2025年8月のテーマ

「夏×ミステリー」

 

第二回は、

「夏のレプリカ」

森博嗣 作、

講談社文庫、 2000年発行

 

 

 

 

です。

 

察しのいい方は前回の記事の時点でお気づきだったと思いますが、今回はS&Mシリーズ7作目「夏のレプリカ」です。

前回の記事で書いた「幻惑の死と使途」と対になっている作品で、同時期に起きた事件をそれぞれ別の本に物語としてまとめてあるという設定…作者の遊び心が感じられます。というわけで、この作品も"夏が舞台のミステリー"

 

 

「幻惑の死と使途」は奇数章のみ、「夏のレプリカ」は偶数章のみの構成になっているのはそのためです。

片方だけ読んでも全く問題ないですが、一方で登場した人物がその後全く出てこなくて何だったんだろう…みたいなことがあるので、読んでいて細かいことが気になるタイプの方は「?」となるかもしれません。

二つの本を章の順に沿って交互に読み進めるということもできるので、一度読んだことある方はそういう読み方をしてみてもいいかもしれませんね。ただ、初読の方には交互読みはおすすめしません。この後書きますが、「夏のレプリカ」はミステリーとしてはちょっと分かりにくいお話なので。

 

それと、今回も私が持っているのは最初に貼ったPickの版で、出版年も最初の文庫本の年になっています。

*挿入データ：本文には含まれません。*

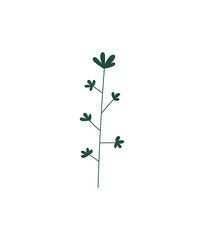 Floral design element. Botanical detail in a simple minimalist style. Green leaf. 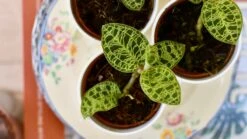 Macodes Petola (Jewel Orchid) -Verdant Haven Sales Store 351DF59B 9ED6 4A26 8D6F 2459ED2D9C06 1 201 a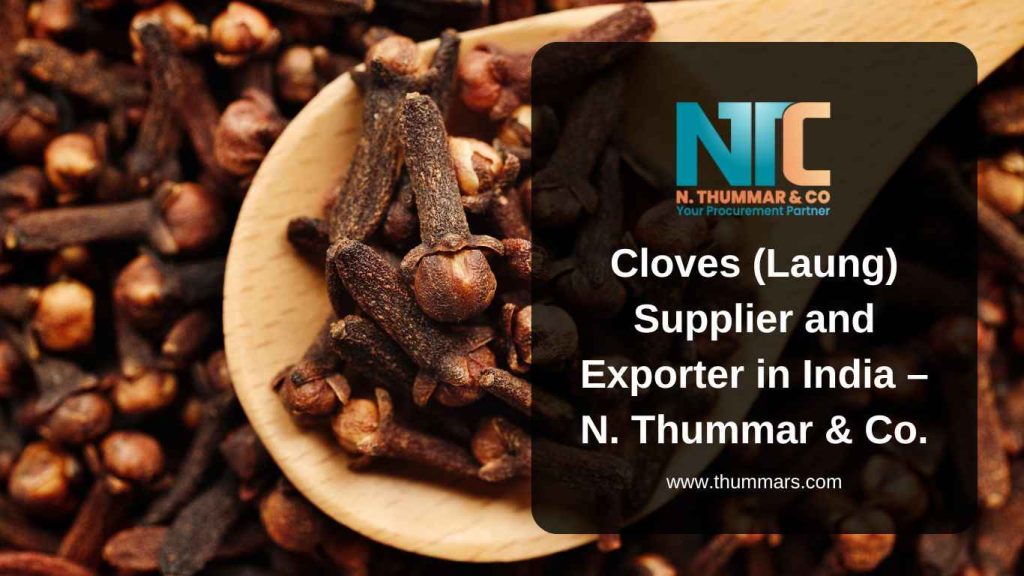Cloves (Laung) Supplier and Exporter in India – N. Thummar & Co.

単行本も、新しい装丁の文庫本も、やっぱりかっこいいな…。

 

前置きが長くなりましたが、あらすじです。

東京の大学に通っている簑沢杜萌は、夏休みに帰省した実家で仮面をつけた人間に誘拐されてしまいます。家族と共に別荘に閉じ込められますが事なきを得るも、自宅にいたはずの兄・素生(もとき)が行方不明に…。

杜萌が兄の行方を捜す一方で、友達の西之園萌絵もこの事件に関心を持ち調べ始めます。

長い間会っていなかった兄を捜す中で、杜萌には過去の出来事が次々と思い出されて…。

 

前回の「幻惑の死と使途」はイリュージョンで読者を翻弄するミステリーになっていましたが、「夏のレプリカ」は杜萌の心の中や記憶を探る描写が多く、ちょっと幻想的な印象も受ける作品になっています。ミステリーなんだけど、「幻惑の死と使途」みたいにトリックを見破るのがキモっていう直球ミステリーではないです。

 

誘拐事件に行方不明、殺人事件も絡んでくるので事件としては複雑で、読者としては"どうやって"よりは"なぜ"のほうが気になってしまうストーリーになっています。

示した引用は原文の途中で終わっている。